You knew what you had to do,
thought the wind pried
with it's stiff fingers
at the very foundations,
though their melancholy
was terrible.
It was already late
enough, and a wild night,
and the road full of fallen
branches and stones.
But little by little,
as you left their voices behind,
the stars began to burn
through the sheets of clouds,
and there was a new voice
which you slowly
recognized as your own,
that kept you company
as you strode deeper and deeper
into the world,
determined to do
the only thing you could do-
determined to save
the only life that you could save.

-Mary Oliver



04.19.2008 | Unregistered CommenterLaura
I hear you on the geography shield. It only seems fair. Beautiful post.
04.20.2008 | Unregistered Commenterjanehatesdick
Brene-
I saw you speak last year in Minneapolis!You were amazing and and inspiration! I can't thank you enough...... What you write just makes sense.

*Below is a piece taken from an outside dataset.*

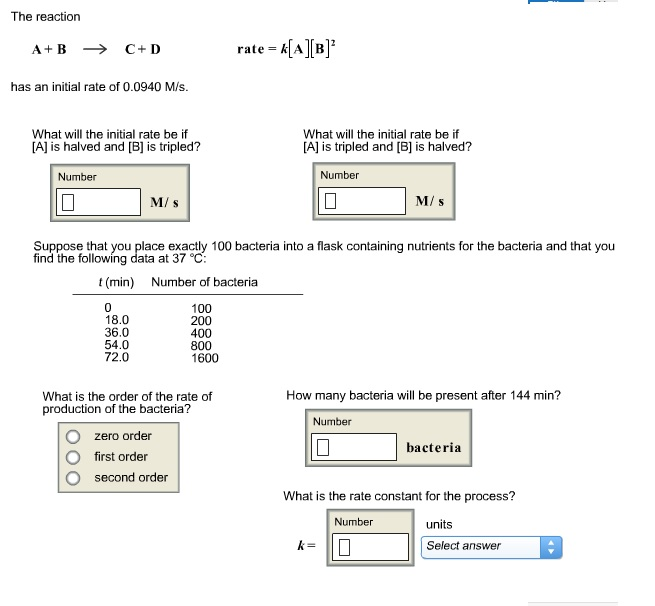 Solved The Reaction A + B Rightarrow C + D Rate = | Chegg.com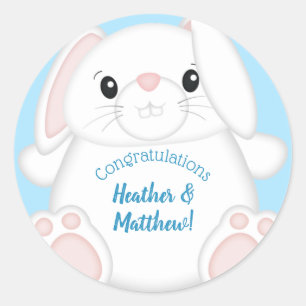 Bunny Rabbit Baby Shower Woodland Classic Round Sticker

I would love to be the winner for the book drawing on 5/1

04.29.2008 | Unregistered CommenterCassandra H.
Sometimes the place I refer to myself when those new periods of growth that are so profoundly self changing are past I prefer to think of them as the Watershed where I almost drowned myself while it attempted to cleanse me of my own stuff. :)
I relate closely to most of what you write...and in this moment am facing my next watershed as I parent a 14 year old who now seems to be rebelling and has another parent to run to in his rebellion.

I'm one of your personal cheerleaders....you go girl!